Rejig your firm’s pension scheme to ensure survival and gain structural benefits

The implosion of US firm Dewey & LeBoeuf, blamed on a legacy of costly mergers and controversial bonus schemes, may not be a mirror image of practice in the wider UK legal market, but a growing number of firms are facing mounting financial liabilities over their pension schemes.

To many, the costs of such schemes have become too great. The liability comes from one of two sources. Commonly, a commitment by current partners sees retiring partners paid a pension for life, often based on a fixed amount or offering annual increases. But such schemes are only sustainable where profitability is maintained at or above existing levels – no mean feat, these days.

In the second scenario a firm may have contributed to a final salary ­occupational pension scheme for staff whereby liabilities have not been bought out in full. This could arise through the partnership’s single employer final salary scheme or an industry-wide one. The legal profession has seen a number of such schemes, some more successful than others, with some Scottish firms still counting the cost of their involvement in the Scottish Solicitors Staff Pension Scheme.

Pensions regulation – and, in particular the Pensions Act 1995 and its section 75, that requires employers to make good the deficit on an annuity buyout basis in certain circumstances – has changed the landscape. Firms struggling to fulfil their obligations are therefore looking to find a way to contain spiralling costs.

Where a partnership is dissolved a section 75 debt will be triggered. This could arise through the retirement of partners and a lack of willingness to find successors, burdened by a heavy commitment to the final salary ­pension scheme. An annuity buyout deficit is also triggered where an ­employer or the trustees decide to wind up the scheme.

In the wake of an annuity buyout, long-retired partners may be held ­liable for debts, sometimes for 10 or 20 years after retirement, because the firm has subsequently dissolved. Not surprisingly, with a deficit and significant commitment to its final salary staff pension scheme, recruiting new partners will be difficult.

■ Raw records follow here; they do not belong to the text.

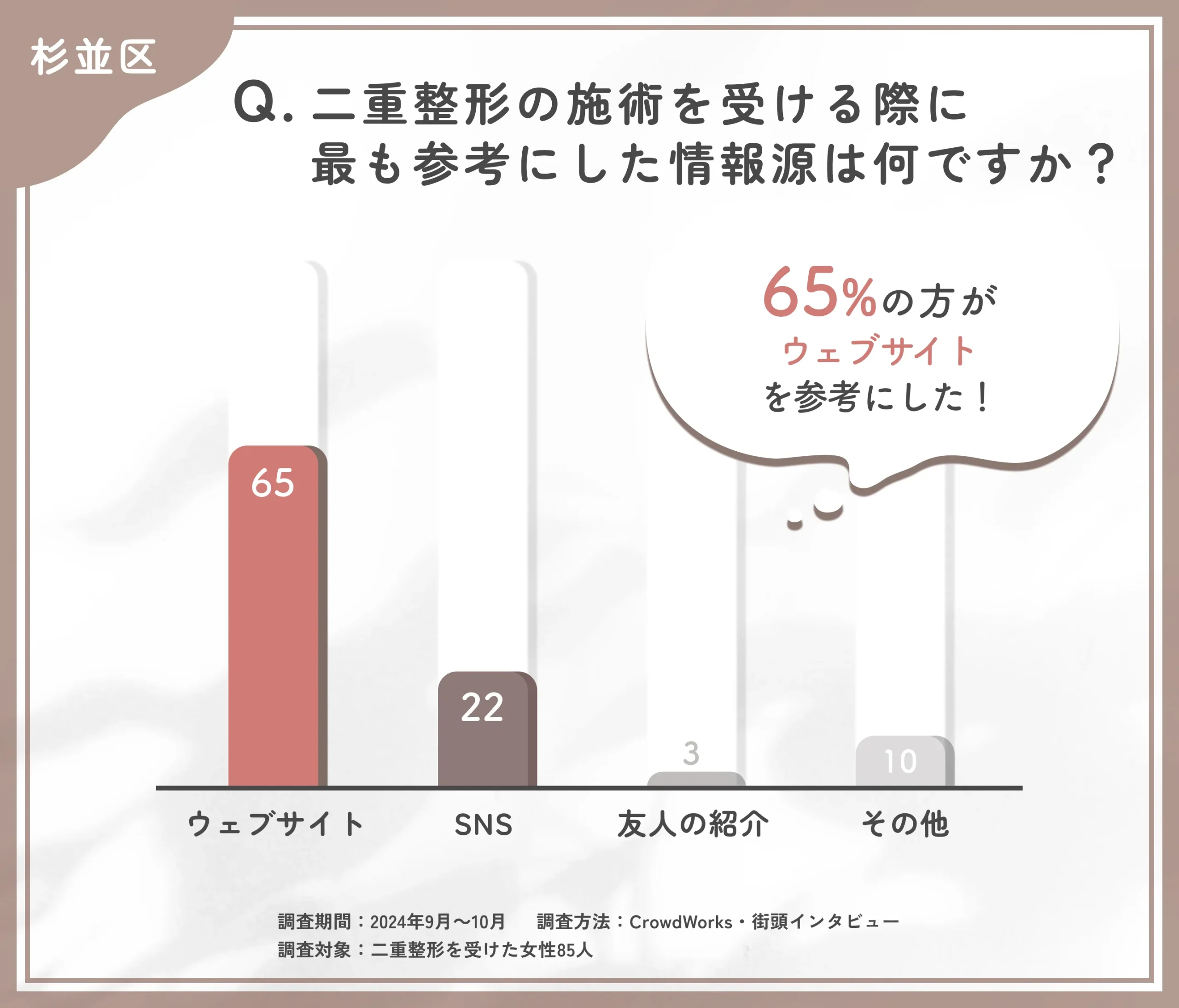 二重整形の施術の情報源に関するアンケート調査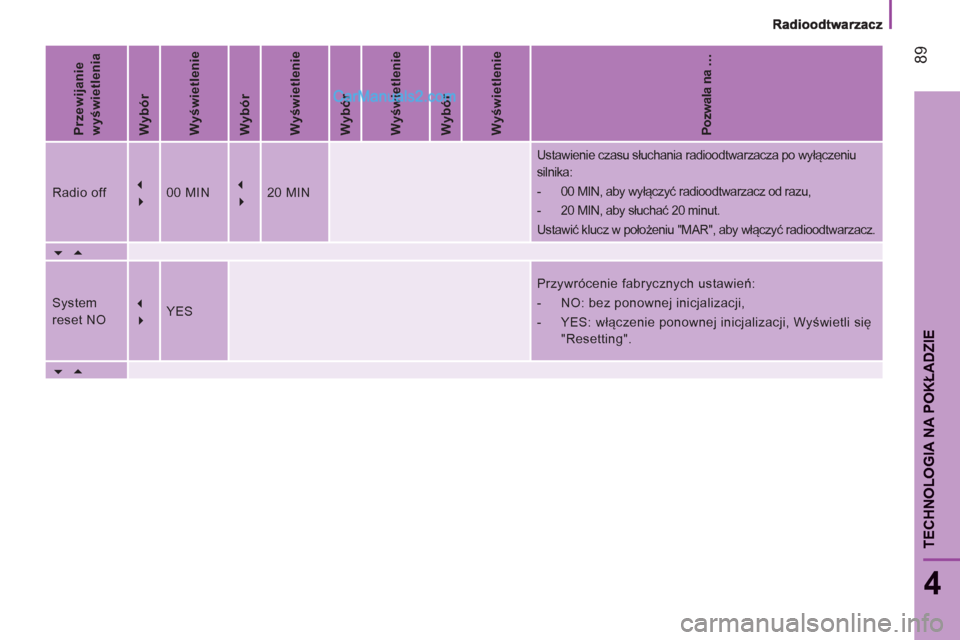 Peugeot Boxer 2012  Instrukcja Obsługi (in Polish) 89
4
TECHNOLOGIA NA POKŁADZI
E
 
 
Przewijanie 
wyświetlenia  
   
Wybór  
   
Wyświetlenie  
   
Wybór  
   
Wyświetlenie  
   
Wybór  
   
Wyświetlenie  
   
Wybór  
   
Wyświetlenie  
   
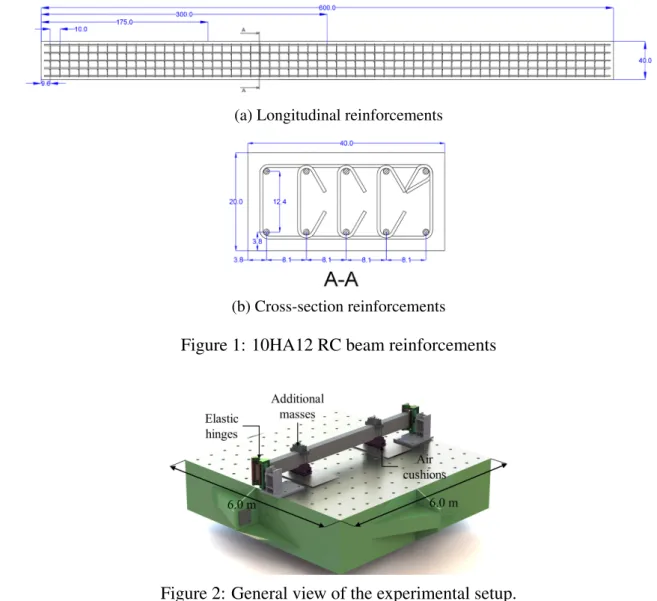 Figure 2: General view of the experimental setup.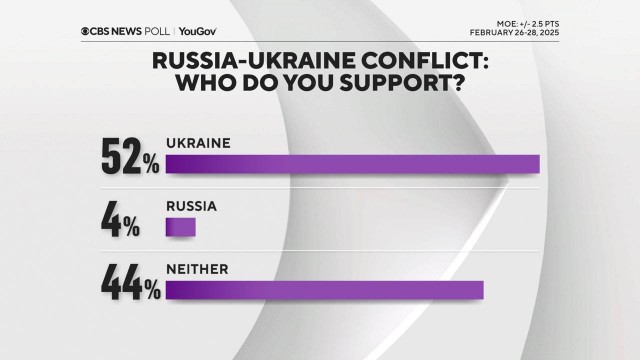 США поставили финансовый ультиматум Зеленскому
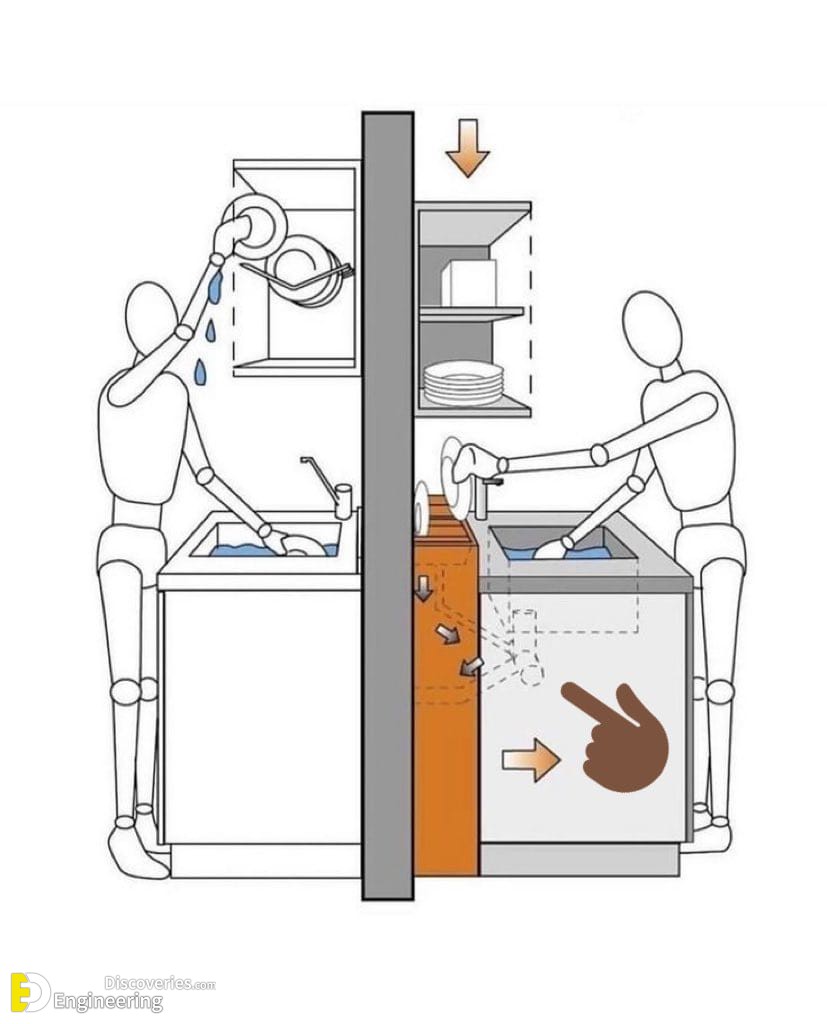 13-engineering-discoveries-standard-furniture-dimensions-for-every-room-in-your-home.jpg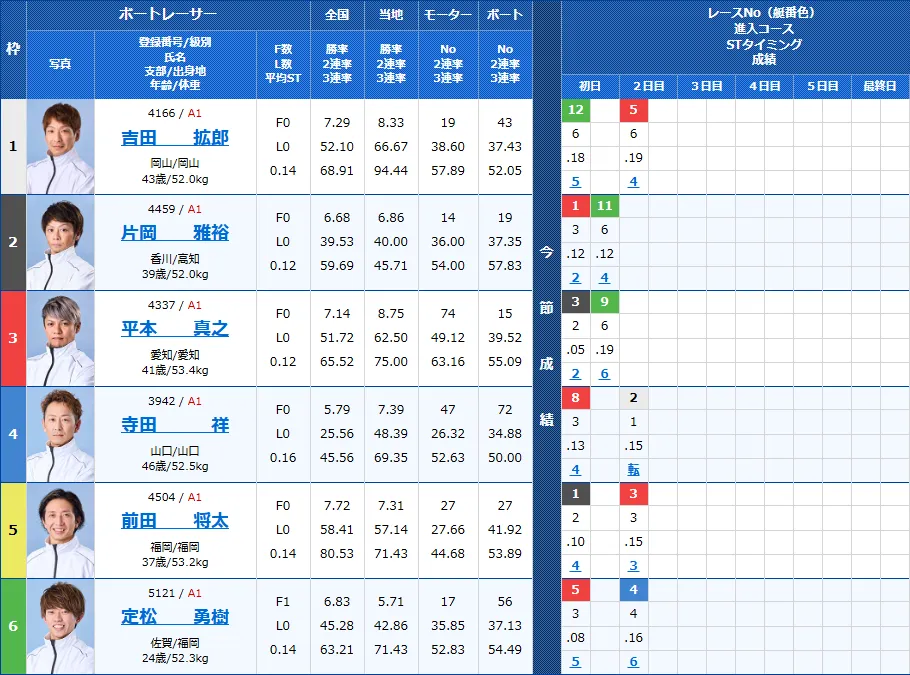徳山10Rの出走表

Banks will quickly lose interest in lending to it. 

The Pensions Regulator has recognised the challenges and laid down guidance on scheme abandonment. This is aimed at preventing partners from winding up the partnership and simply setting up a new one the next day without being pursued by the regulator to make up the deficit.

The good news is that it is possible to address such liabilities before it is too late, including scheme de-risking, achieved through an enhanced transfer exercise or pension increase exchange. Pensioners may also be given the option to take an annuity at a lower level than the full annuity buyout cost, or purchase an impaired life annuity instead of receiving standard benefit where an individual has a limited life expectancy.

However, there are signs the options will be reduced as the regulator considers updates to guidance. In the meantime, some firms are already taking advantage of restructuring their schemes, which will increase the odds of survival and secure ­financial and structural benefits.